# [Stored items]
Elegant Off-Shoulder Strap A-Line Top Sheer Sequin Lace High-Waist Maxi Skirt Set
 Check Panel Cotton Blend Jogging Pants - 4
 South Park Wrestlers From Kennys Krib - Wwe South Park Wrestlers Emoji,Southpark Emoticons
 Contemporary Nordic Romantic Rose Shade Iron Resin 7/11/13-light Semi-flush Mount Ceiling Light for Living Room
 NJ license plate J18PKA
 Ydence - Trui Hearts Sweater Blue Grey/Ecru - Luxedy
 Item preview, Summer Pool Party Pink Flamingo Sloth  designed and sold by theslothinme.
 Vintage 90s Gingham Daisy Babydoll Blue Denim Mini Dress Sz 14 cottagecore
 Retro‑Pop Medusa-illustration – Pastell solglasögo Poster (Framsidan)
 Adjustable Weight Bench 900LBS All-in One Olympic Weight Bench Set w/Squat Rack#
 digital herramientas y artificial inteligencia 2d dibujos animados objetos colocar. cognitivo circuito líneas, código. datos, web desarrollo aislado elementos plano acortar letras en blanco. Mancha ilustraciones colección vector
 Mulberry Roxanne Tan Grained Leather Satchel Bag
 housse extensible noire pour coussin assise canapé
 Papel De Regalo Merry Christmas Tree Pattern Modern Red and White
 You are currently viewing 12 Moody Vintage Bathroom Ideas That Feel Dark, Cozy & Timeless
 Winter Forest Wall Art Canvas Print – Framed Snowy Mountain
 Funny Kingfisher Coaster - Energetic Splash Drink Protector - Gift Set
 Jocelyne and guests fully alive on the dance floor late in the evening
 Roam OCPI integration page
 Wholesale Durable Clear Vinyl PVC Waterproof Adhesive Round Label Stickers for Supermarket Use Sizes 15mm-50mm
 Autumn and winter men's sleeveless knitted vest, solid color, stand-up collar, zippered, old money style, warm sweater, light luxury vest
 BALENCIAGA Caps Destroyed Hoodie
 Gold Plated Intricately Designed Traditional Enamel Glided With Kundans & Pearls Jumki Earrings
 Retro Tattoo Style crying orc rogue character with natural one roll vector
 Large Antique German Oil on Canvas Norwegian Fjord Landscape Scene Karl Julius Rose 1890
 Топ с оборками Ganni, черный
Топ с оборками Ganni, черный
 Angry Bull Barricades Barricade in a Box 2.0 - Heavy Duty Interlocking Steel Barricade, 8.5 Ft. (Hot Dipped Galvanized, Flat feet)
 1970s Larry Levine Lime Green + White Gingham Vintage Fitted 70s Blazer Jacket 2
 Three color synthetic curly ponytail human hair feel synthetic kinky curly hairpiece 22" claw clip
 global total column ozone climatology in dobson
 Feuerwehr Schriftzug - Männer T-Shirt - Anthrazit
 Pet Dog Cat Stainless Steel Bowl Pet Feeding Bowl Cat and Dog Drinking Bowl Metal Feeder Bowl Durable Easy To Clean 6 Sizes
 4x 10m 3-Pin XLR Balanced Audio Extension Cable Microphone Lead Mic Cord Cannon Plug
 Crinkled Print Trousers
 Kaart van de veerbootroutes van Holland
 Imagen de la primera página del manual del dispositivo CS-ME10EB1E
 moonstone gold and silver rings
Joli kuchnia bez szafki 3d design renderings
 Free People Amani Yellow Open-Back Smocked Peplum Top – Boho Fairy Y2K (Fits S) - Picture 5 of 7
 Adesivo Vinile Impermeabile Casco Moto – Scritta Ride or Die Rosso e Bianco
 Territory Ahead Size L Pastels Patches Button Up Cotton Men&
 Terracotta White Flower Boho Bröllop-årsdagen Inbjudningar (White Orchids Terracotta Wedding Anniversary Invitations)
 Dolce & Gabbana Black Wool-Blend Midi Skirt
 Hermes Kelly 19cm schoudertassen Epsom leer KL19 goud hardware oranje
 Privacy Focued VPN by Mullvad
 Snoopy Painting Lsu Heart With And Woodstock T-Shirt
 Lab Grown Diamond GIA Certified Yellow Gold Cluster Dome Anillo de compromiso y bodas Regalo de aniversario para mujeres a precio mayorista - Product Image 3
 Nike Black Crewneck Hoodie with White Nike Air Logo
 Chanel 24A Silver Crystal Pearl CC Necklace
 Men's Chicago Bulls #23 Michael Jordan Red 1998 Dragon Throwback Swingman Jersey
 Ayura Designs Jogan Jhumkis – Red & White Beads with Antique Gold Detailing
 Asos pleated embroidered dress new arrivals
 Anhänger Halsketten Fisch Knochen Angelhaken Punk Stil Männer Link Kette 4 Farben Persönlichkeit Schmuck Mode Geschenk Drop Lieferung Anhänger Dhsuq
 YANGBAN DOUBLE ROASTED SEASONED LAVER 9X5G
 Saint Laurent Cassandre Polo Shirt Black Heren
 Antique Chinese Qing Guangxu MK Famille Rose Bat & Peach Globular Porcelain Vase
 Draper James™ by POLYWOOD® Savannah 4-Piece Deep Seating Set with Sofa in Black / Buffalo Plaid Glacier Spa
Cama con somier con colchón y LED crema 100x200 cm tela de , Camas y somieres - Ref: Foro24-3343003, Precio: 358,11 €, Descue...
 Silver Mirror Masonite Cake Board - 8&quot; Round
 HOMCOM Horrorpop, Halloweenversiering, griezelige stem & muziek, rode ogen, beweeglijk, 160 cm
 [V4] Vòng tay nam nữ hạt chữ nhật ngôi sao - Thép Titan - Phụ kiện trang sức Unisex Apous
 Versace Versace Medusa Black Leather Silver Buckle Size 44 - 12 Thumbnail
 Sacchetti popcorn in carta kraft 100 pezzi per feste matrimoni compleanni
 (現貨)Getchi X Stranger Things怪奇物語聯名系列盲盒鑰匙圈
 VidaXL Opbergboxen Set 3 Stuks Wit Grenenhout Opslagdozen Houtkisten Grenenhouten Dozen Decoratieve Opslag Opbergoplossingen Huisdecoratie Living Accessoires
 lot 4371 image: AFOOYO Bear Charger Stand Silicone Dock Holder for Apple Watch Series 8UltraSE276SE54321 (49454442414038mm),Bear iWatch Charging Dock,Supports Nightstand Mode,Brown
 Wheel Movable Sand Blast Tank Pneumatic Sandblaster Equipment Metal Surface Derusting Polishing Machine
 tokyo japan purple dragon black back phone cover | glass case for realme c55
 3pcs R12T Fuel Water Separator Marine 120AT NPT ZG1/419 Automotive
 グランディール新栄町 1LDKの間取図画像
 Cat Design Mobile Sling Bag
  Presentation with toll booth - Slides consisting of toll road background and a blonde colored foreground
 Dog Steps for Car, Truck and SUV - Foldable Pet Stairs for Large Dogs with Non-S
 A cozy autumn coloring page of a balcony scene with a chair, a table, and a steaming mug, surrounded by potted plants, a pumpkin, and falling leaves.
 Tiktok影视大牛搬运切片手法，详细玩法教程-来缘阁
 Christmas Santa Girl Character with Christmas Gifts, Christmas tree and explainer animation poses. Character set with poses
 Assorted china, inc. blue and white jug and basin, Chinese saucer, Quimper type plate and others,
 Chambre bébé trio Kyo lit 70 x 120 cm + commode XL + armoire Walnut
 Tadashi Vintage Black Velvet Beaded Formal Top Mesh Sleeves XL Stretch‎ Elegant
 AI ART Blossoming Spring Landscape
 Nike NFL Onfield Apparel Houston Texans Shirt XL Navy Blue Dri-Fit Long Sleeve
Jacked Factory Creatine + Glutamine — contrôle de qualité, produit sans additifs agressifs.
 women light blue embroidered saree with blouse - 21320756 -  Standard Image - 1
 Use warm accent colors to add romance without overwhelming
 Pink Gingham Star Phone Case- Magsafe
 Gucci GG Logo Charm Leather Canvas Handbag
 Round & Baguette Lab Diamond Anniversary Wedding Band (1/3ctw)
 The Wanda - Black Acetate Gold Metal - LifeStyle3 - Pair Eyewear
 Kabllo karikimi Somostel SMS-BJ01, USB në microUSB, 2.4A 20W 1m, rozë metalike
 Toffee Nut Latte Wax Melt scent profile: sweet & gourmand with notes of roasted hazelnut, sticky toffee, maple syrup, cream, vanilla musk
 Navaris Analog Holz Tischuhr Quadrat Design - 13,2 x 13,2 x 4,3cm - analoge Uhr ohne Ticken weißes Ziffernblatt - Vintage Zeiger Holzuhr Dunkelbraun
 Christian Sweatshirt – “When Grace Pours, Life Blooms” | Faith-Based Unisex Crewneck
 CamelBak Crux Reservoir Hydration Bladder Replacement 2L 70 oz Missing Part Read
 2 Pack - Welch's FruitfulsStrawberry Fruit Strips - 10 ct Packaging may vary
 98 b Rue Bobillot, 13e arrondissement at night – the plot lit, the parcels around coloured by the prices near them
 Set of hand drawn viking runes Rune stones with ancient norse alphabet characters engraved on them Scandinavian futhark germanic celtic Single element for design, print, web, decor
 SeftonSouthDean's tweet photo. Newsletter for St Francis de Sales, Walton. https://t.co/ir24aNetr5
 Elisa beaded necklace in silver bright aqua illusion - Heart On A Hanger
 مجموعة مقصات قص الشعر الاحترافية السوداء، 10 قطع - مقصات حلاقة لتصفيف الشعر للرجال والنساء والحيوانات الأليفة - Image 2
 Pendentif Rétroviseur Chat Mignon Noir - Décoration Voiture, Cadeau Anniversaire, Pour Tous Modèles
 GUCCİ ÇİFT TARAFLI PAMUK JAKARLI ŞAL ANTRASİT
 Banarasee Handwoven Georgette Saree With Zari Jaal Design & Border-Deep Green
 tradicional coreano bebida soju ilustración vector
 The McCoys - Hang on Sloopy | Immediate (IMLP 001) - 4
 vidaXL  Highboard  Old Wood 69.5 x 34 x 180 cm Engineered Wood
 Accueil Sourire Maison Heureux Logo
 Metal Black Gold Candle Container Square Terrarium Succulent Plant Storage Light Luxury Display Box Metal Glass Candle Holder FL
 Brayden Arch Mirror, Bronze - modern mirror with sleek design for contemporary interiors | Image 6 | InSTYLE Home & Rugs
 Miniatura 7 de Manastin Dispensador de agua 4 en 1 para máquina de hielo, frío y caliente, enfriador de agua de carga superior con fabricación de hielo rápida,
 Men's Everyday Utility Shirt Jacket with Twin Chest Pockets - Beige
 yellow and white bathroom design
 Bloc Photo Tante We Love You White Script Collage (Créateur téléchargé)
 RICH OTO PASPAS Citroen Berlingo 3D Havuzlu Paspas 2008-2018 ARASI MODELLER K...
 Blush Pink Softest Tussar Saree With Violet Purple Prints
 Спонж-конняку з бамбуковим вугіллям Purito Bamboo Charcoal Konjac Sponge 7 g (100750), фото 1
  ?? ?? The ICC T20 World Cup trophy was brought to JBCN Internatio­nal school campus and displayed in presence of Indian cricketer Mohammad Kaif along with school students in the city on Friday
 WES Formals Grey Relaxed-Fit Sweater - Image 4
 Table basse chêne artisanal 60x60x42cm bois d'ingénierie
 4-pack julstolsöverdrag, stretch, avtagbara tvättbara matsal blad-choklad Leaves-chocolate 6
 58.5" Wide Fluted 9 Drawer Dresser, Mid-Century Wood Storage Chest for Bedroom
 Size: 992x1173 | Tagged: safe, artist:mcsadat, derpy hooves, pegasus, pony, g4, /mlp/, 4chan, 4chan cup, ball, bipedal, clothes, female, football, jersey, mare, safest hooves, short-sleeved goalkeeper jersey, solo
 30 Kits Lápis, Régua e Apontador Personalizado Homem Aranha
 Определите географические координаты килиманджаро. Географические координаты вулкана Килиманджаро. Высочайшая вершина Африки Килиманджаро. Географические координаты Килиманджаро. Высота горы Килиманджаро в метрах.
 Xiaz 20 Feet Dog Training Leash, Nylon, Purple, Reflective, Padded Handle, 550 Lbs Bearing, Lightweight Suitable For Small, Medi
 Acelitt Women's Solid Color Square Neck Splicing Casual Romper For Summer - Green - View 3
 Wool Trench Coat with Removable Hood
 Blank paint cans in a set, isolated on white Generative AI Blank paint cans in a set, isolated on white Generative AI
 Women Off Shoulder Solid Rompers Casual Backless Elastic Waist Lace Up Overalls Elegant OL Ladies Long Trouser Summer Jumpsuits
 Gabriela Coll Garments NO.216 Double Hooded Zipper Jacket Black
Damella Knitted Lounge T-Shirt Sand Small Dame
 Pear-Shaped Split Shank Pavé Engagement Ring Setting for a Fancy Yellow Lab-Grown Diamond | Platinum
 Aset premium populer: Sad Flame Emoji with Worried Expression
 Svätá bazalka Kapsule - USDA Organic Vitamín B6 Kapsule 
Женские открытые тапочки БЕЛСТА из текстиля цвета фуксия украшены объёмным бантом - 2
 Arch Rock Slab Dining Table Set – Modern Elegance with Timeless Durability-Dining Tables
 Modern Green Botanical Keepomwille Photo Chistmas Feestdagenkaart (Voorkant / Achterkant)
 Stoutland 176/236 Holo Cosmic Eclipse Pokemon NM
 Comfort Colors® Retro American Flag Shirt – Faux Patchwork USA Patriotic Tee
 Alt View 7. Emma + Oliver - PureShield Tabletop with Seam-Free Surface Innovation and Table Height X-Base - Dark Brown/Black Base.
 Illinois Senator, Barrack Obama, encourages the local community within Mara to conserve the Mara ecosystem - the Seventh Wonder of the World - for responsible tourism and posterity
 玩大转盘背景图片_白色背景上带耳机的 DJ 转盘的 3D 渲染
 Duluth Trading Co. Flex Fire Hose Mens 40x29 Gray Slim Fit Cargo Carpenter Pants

# [What to work on]
Each line above that includes the word "Unisex" is to be copied.

# [Exercise result]
 [V4] Vòng tay nam nữ hạt chữ nhật ngôi sao - Thép Titan - Phụ kiện trang sức Unisex Apous
 Christian Sweatshirt – “When Grace Pours, Life Blooms” | Faith-Based Unisex Crewneck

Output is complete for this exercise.